**Task description:**
Make an exact copy of the listing below. Pictures stay out of it.
BEGIN Available data
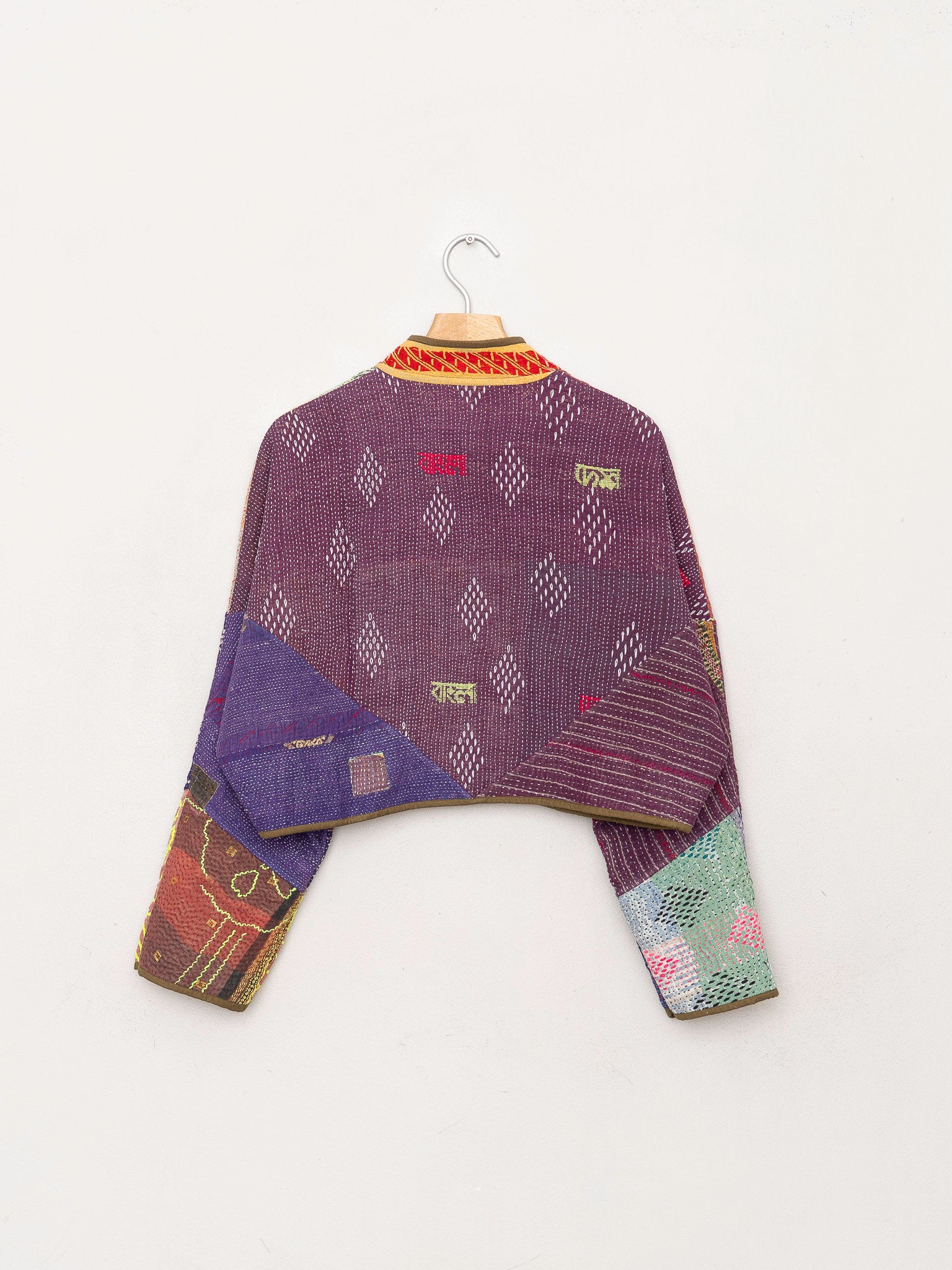 The Kaira Cropped Quilted Patchwork Kantha Jacket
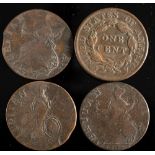 An 1819 US cent and three evasion halfpennies:.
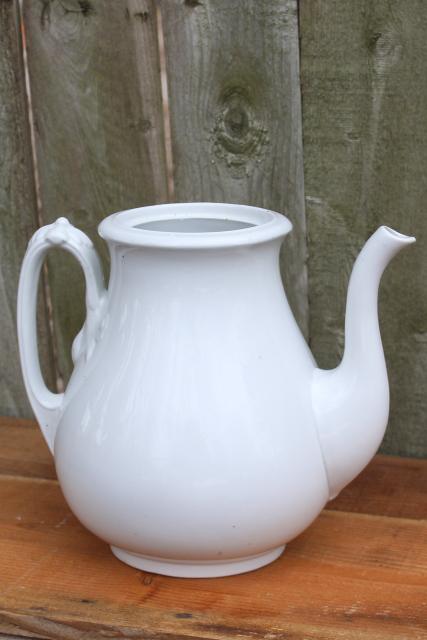 photo of antique Wedgwood white ironstone coffee or tea pot, Royalstone acanthus leaf pattern #1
END Available data
**The completed task:**
 The Kaira Cropped Quilted Patchwork Kantha Jacket
 An 1819 US cent and three evasion halfpennies:.
 photo of antique Wedgwood white ironstone coffee or tea pot, Royalstone acanthus leaf pattern #1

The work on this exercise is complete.